If you also need to future-proof the regular expression against potential additions to the JavaScript regex engine capabilities, I recommend using the more paranoid:

function regExpEscapeFuture(literal_string) {
    return literal_string.replace(/[^A-Za-z0-9_]/g, '\\$&');
}

This function escapes every character except those explicitly guaranteed not be used for syntax in future regular expression flavors.


For the truly sanitation-keen, consider this edge case:

var s = '';
new RegExp('(choice1|choice2|' + regExpEscape(s) + ')');

This should compile fine in JavaScript, but will not in some other flavors. If intending to pass to another flavor, the null case of s === '' should be independently checked, like so:

var s = '';
new RegExp('(choice1|choice2' + (s ? '|' + regExpEscape(s) : '') + ')');

@Dan Dascalescu 2017-07-04 11:32:19

The / doesn't need to be escaped in the [...] character class.

@Qwertiy 2017-09-22 14:01:18

Most of these doesn't need to be escaped. "Creates a character range in a character class" - you are never in a character class inside of the string. "Specifies comment in free spacing mode, Ignored in free spacing mode" - not supported in javascript. "Separates values in numeration specifier" - you are never in numerarion specifier inside of the string. Also you can't write arbitrary text inside of nameration specification. "Starts or ends expression" - no need to escape. Eval is not a case, as it would require much more escaping. [will be continued in the next comment]

@Qwertiy 2017-09-22 14:01:22

"Completes special group types, and part of Perl-style character classes" - seems not available in javascript. "Negates zero-width group, Part of zero-width group specifications" - you never have groups inside of the string.

@Pi Marillion 2017-09-22 20:14:05

@Qwertiy The reason for these extra escapes is to eliminate edge cases which could cause problems in certain use cases. For instance, the user of this function may want to insert the escaped regex string into another regex as part of a group, or even for use in another language besides Javascript. The function does not make assumptions like "I will never be part of a character class", because it's meant to be general. For a more YAGNI approach, see any of the other answers here.

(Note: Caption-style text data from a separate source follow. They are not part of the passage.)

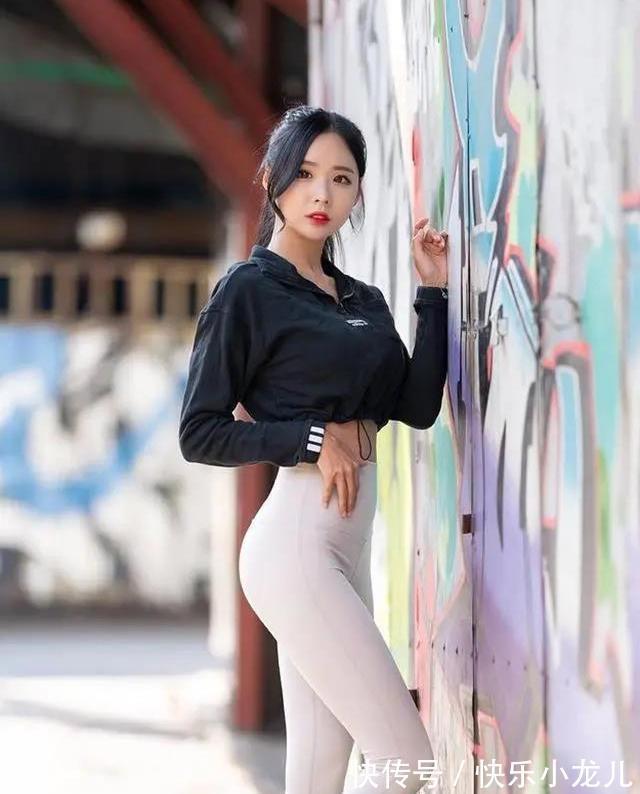 穿搭 纯白修身裤配个性黑色小衣的经典穿搭,彰显青春飞扬的温婉之美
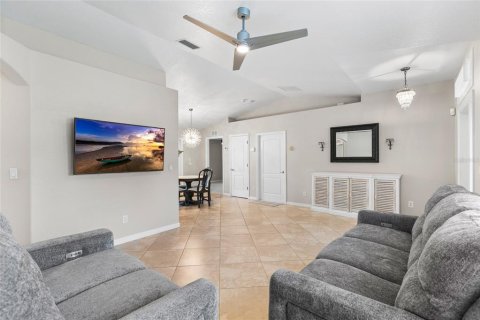 Villa ou maison à vendre à North Port, Floride: 3 chambres, 117.71 m2 № 2399461 - photo 9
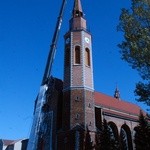 Zwieńczanie wieży kościoła MB Dobrej Rady w Krakowie-Prokocimiu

@madprops 2017-10-29 11:43:40

Very good. Why is _ not escaped though? What ensures it probably won't become regex syntax later?

@John 2017-12-07 03:23:57

@PiMarillion: In the comments to bobince's answer the user styfle suggested for use in a loop to first create a RegExp-object of the escape-string: var e = /[\-\[\]\/\{\}\(\)\*\+\?\.\\\^\$\|]/g; and then the function is like return s.replace(e, '\\$&');. To avoid manually escaping the escape string I want first to use the original function regExpEscape to escape your escape string (ees), then use e = new RegExp(ees,"g") and then function regExpEscapeFast(literal_string) { return literal_string.replace(e, '\\$&');}. I can't get it working. How to correctly escape the escape string?

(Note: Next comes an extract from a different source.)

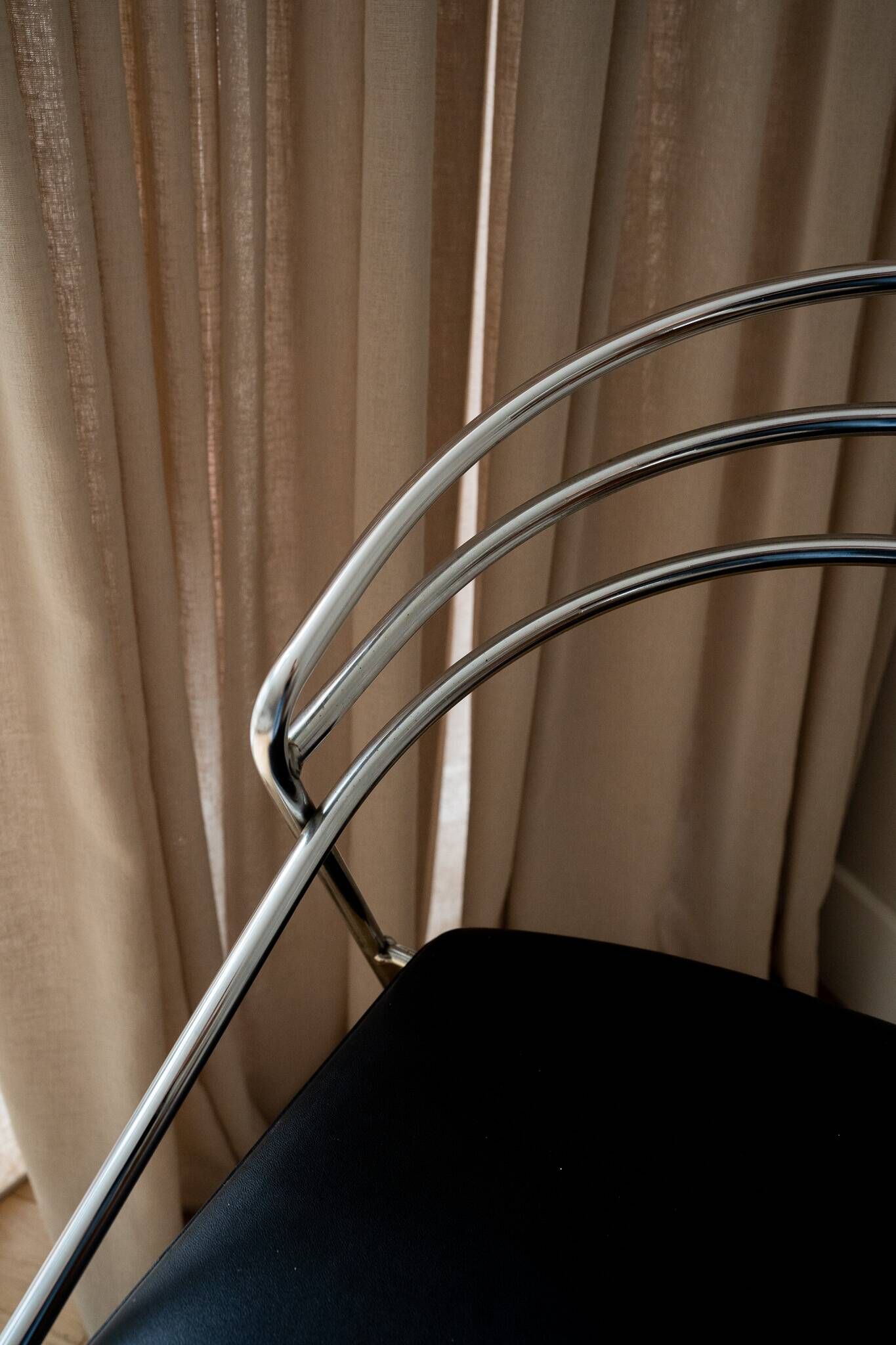 2 Vintage Design 80s Stylistic Wire Steel Chairs Chrome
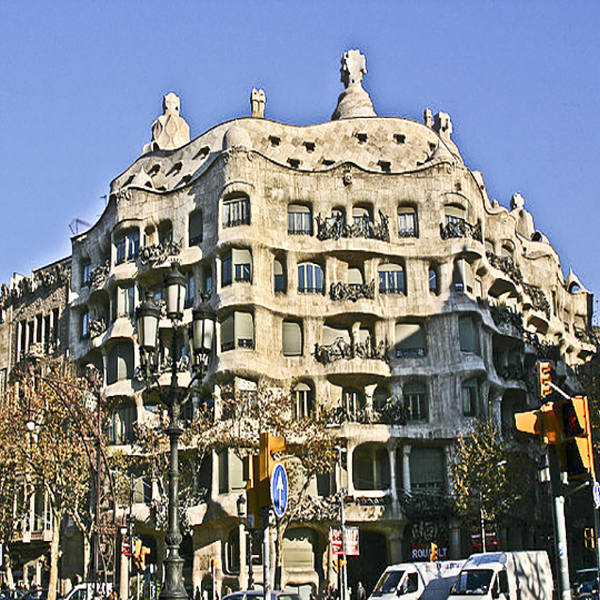 following-footsteps-genius-secret-barcelona-of-gaudi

@user663031 2015-06-15 18:29:14

There is an ES7 proposal for RegExp.escape at https://github.com/benjamingr/RexExp.escape/, with a polyfill available at https://github.com/ljharb/regexp.escape.

@John 2017-04-29 07:30:28

Looks like this didn't make it into ES7. It also looks like it was rejected in favor of looking for a template tag.

@Dan Dascalescu 2014-08-02 01:06:46

The functions in the other answers are overkill for escaping entire regular expressions (they may be useful for escaping parts of regular expressions that will later be concatenated into bigger regexps).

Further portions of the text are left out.